La pandemia acelera la caída

La pandemia ha sido un desastre de gestión y de comunicación, y Cummings, que no supo ver desde el principio la amenaza, se ha convertido en el chivo expiatorio. Su visión de inundar el empobrecido norte de Inglaterra con inversiones en infraestructuras y tecnología, comprada ciegamente por Johnson, se ha visto paralizada por unos presupuestos destinados íntegramente a combatir los estragos del virus. Y ha sido precisamente en ese norte, que Johnson soñó con adherir a la causa de un nuevo Partido Conservador, donde la enfermedad se ha cebado con más fuerza, y donde han resucitado agravios territoriales históricos con un Londres rico y distante.

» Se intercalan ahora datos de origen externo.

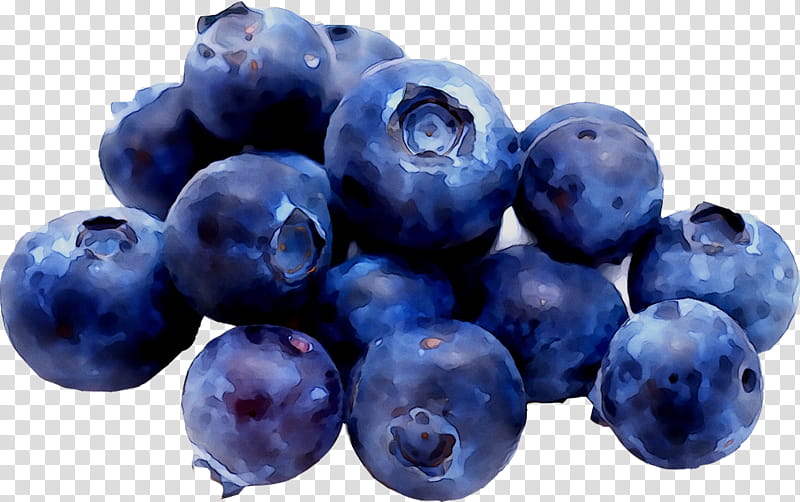 Fruit Tree, Blueberry, Huckleberry, Bagel, Bilberry, Berries, United Kingdom, Superfood transparent background PNG clipart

El primer ministro vuelve a estar solo. Con una urgencia inmediata, un escenario alterado por completo, y cuatro años de mandato por delante sin un proyecto definido. La urgencia se llama Brexit. Ahora más que nunca debe intentar cerrar Bruselas un acuerdo que evite a finales de año una salida desordenada de la UE. Y para colmo, su principal negociador, David Frost, que ha sido estos años parte de ese núcleo duro que con Cummings, se desvanece. El nuevo escenario, con la llegada a la Casa Blanca del demócrata Joe Biden, obliga a que el Reino Unido presente una cara más amable, colaboradora y previsible. Y el mandato restante será la penúltima oportunidad para que el exalcalde liberal y progresista de Londres, el euroescéptico entregado al populismo, el exministro de Exteriores desleal al Gobierno que le acogió, o el primer ministro acongojado y confuso ante la pandemia sobrevenida, vuelva a intentar reencarnarse en un nuevo Johnson que logre sobrevivir.